A 14-year-old District youth was arrested yesterday and charged with first-degree murder while armed, the culmination of an intensive investigation into the slaying of a lawyer on Capitol Hill two weeks ago, D.C. police said.
The juvenile, who police sources said has a criminal record, was arrested at his home in the Potomac Gardens housing project of Southeast Washington, a few blocks from where Kenneth W. Goshorn, 46, was shot while sitting in his car.
The arrest came after a week of concentrated police activity in the neighborhood by detectives from the homicide unit and the 1st District, as well as members of the police Rapid Deployment Unit, a special force formed in October to combat violent crime.
The investigation was designed to develop information on a case that officials said lacked solid leads, and it hinged on getting tips from criminals known to police who would object to constant police presence.
"We knew this was the way to break the case, by putting pressure on the area," said a police source who attributed the case to solid legwork by investigators. "If you put enough pressure on them, they're going to cough it up."
Information from the street produced the name of a juvenile who allegedly was present when Goshorn was shot Jan. 3. Detectives questioned the youth, and he reportedly supplied the name of the alleged killer, the police source said.
Police said the two juveniles were standing together near 11th Street and Pennsylvania Avenue SE, where Goshorn's red and white Mustang convertible was stopped for a traffic light about 6 p.m.

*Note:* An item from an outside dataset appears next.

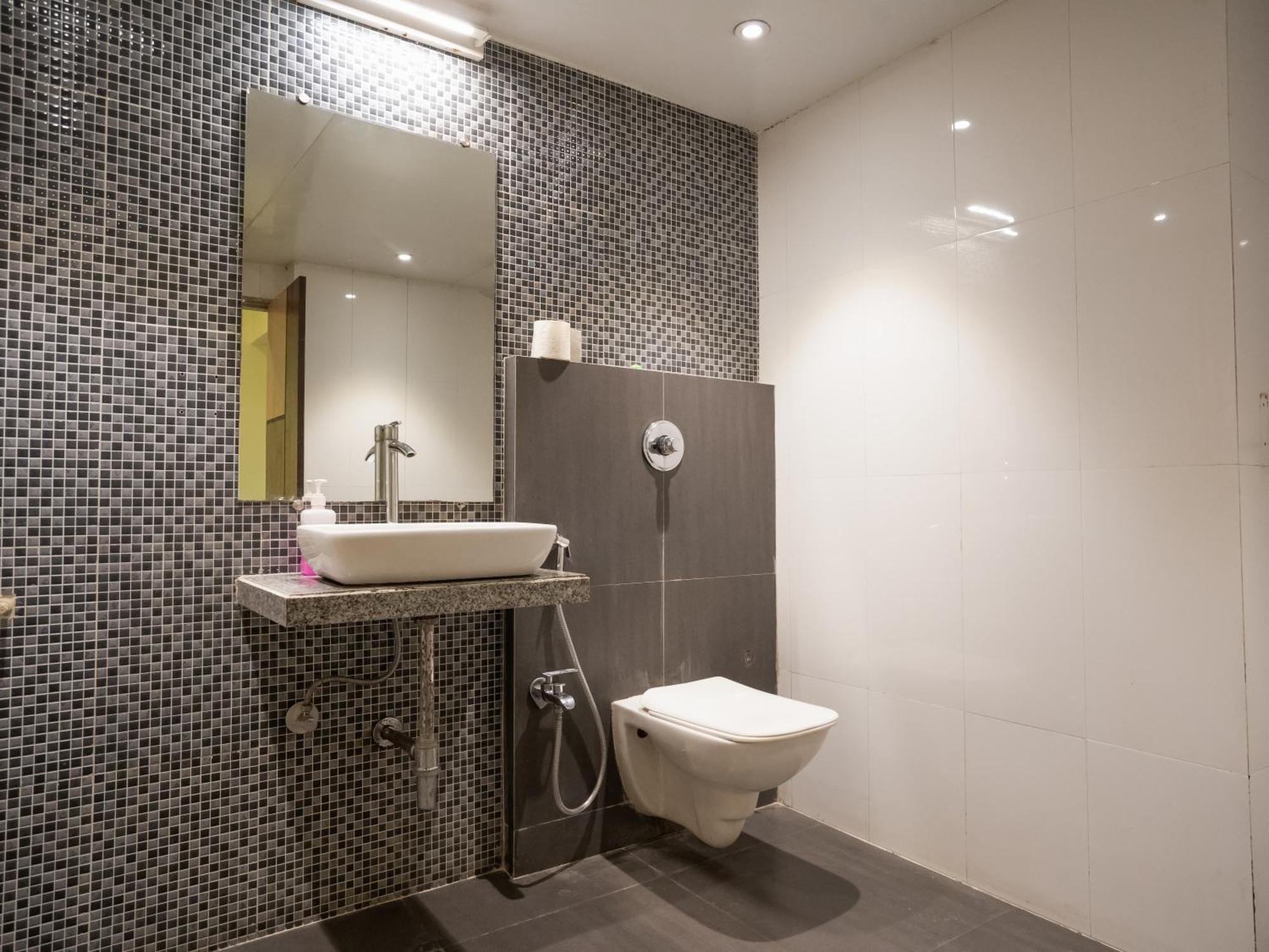 Hotel Grand Seasons- Navi Mumbai Ngoại thất bức ảnh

At first, investigators believed the shooting occurred after Goshorn argued with the gunman, who may have fired in retaliation.
But detectives have all but abandoned that theory because several witnesses said there was no dispute. That left investigators with no motive for the slaying, and even after yesterday's arrest it is unclear what prompted the crime.
The two youths have told detectives that the gun went off accidentally while they were standing on Pennsylvania Avenue. But witnesses' descriptions of the gunman running away from Goshorn's car and shooting behind him cast doubt on that explanation.
"With all the witnesses we have, we know that's not the case," the police official said.
Under District law, juveniles 15 and younger cannot be tried as adults. Those who are convicted remain in the juvenile corrections system until they are 18, at which time their cases are reviewed by a judge.
Goshorn's death prompted a strong response from friends, many of them lawyers who closely followed the police investigation.
A memorial service days after the shooting drew several hundred people, and a candlelight vigil at the site of the shooting was attended by Mayor Sharon Pratt Dixon.
The homicide unit, as part of a plan designed to crack cases that have few leads and receive media attention, made Goshorn's slaying a priority.
That prompted at least one complaint from a police investigator, who said the killing of Goshorn was receiving more attention than other cases, several police officials said. The controversy had racial overtones because Goshorn is white and most of the city's homicide victims are black.
Dixon made it clear that all homicide cases should be treated equally. Police officials, some embarrassed by the episode and others saying it was blown out of context, quickly moved to try to quell the controversy by agreeing with Dixon.
Yesterday, Police Chief Isaac Fulwood Jr. called Dixon to announce the arrest.
A spokesman for the mayor, while reaffirming her earlier position, said she "was very pleased with the response."
Homicide officials, still sensitive about the incident, declined to discuss it yesterday.
Other police officials outside the unit said recently that it is not unusual to assign more detectives to a case in which there are few leads.
The Rapid Deployment Unit was formed to help the homicide squad, and it has been credited with solving several homicide cases.